By integrating India Root Certificate into the upcoming national browser, India will address the issue of making the country more “Internet Resilient”, as well as eliminate the need for the Secure Sockets Layer (SSL) certificates issued by foreign entities.

India embracing technology

India ranks among the most anti-crypto countries in the world. Like Nigeria, China, and other countries, India has attempted to place a blanket ban on cryptocurrency, although the bill could not succeed.

Subsequently, the country has made laws that are discouraging to crypto traders and investors, including the 30% tax on crypto returns, which has already been implemented.

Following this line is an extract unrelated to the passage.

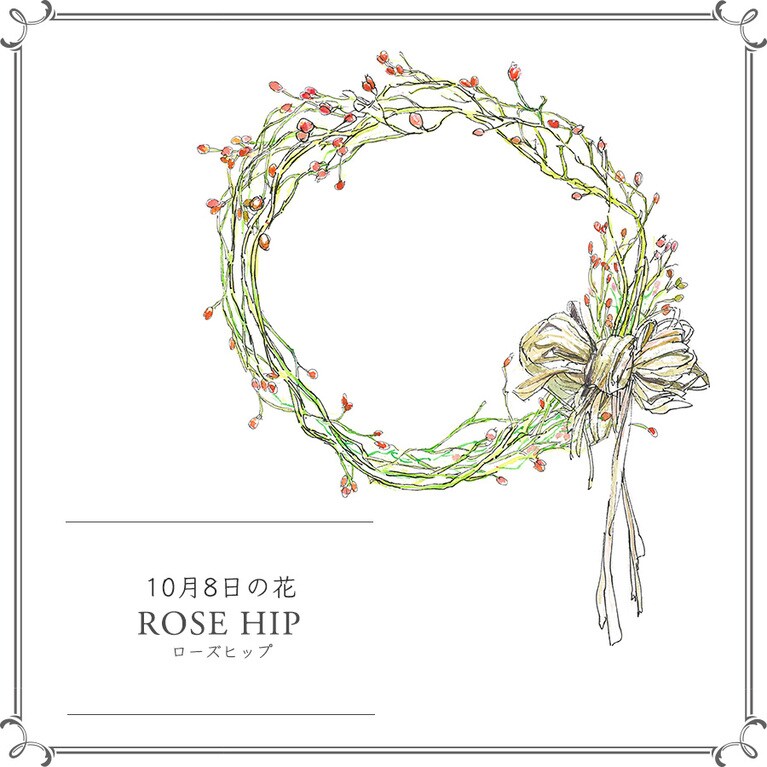 10月8日の花「ローズヒップ」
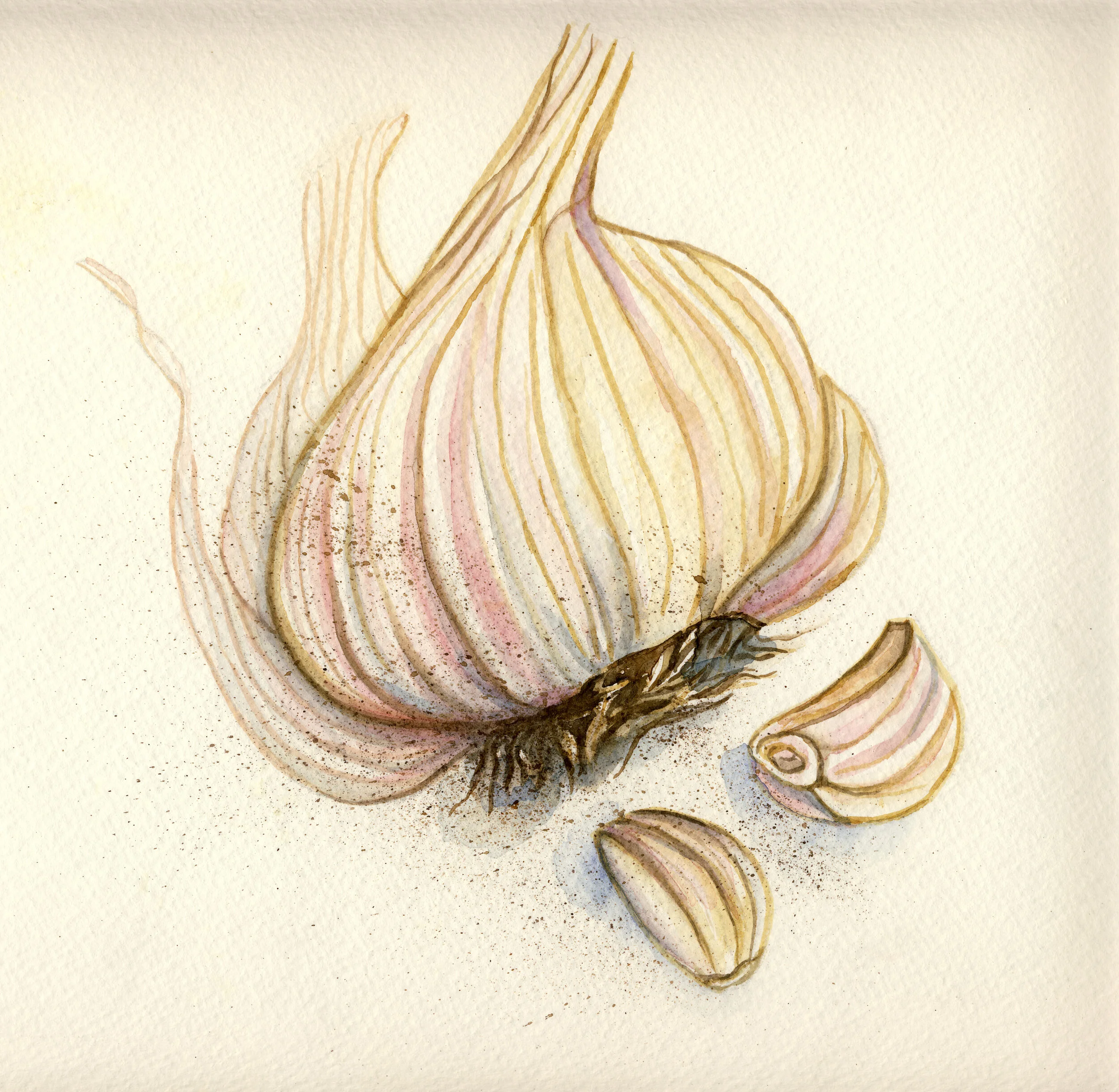 Garlic2.jpg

In fact, it is one country that has been pressing for crypto regulation at G-20 summits, although this is yet to see the light o day.

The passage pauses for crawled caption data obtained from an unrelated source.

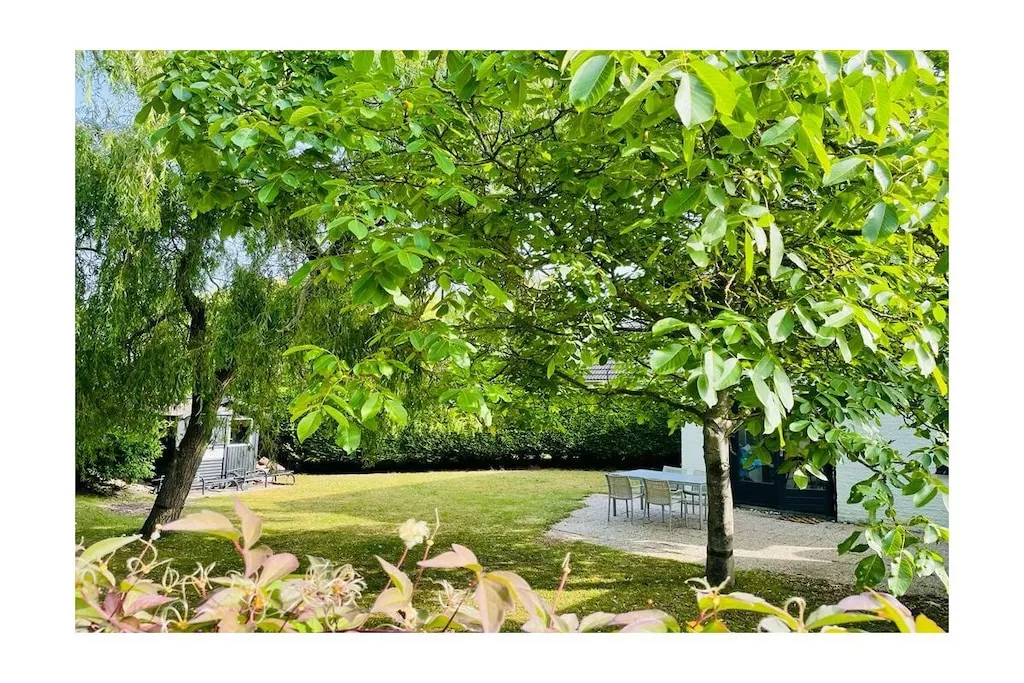 430992 - Garten Sommer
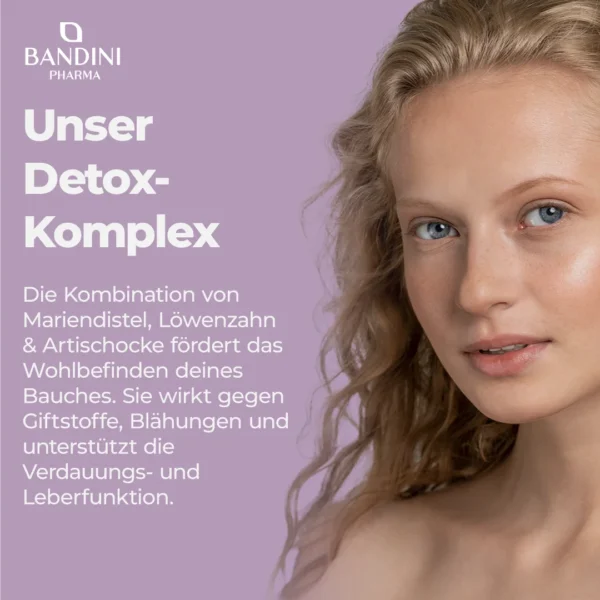 Mariendistel Komplex - 150 Kapseln – Bild 3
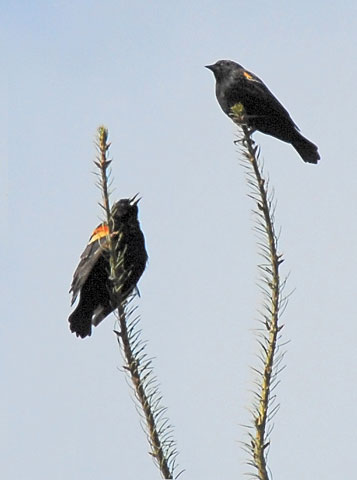 red-winged blackbird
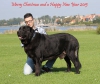 Filename=jonas-christmas-card-2014-(2).jpg
Filesize=199KiB
Dimensions=1200x1019
Date added=%858 %24, %2014 jonas-christmas-card-2014-(2).jpg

One thing the government has admitted though, is the potential of blockchain – the technology that underpins cryptocurrencies – to be used for financial and other innovations. It seems the country is finally wake up to harness the technology for its technological advancement.

Sunita Verma, a Scientist G & GC (R&D in Electronics & IT) said digital India has positively impacted overall governance.

“Digital India has revolutionized how our nation functions, empowering citizens, boosting the economy and enhancing overall governance. As we move forward, embracing technology and promoting indigenous innovation will be pivotal in realizing the vision of a self-reliant, digitally empowered India,” Verma said in a statement.

By engaging Indian scientists in this challenge, India is taking a big step towards raising a crop of scientists that can effectively drive technological innovation that will bring about self-reliance.

$400,000 to be won

The challenge will come in three phases. In the first, 18 participants will be chosen, who will then be shortlisted to 8 in the second, and only 3 coming to the final round. The winner will receive 34 million Indian rupees (around $411,000), plus additional support for developing the browser.

Participants will be drawn from all sectors of the economy, including academia, industry, start-ups, or individuals. All interested Indian citizens are encouraged to submit an idea for the innovative Indian web browser that could cater to a global audience.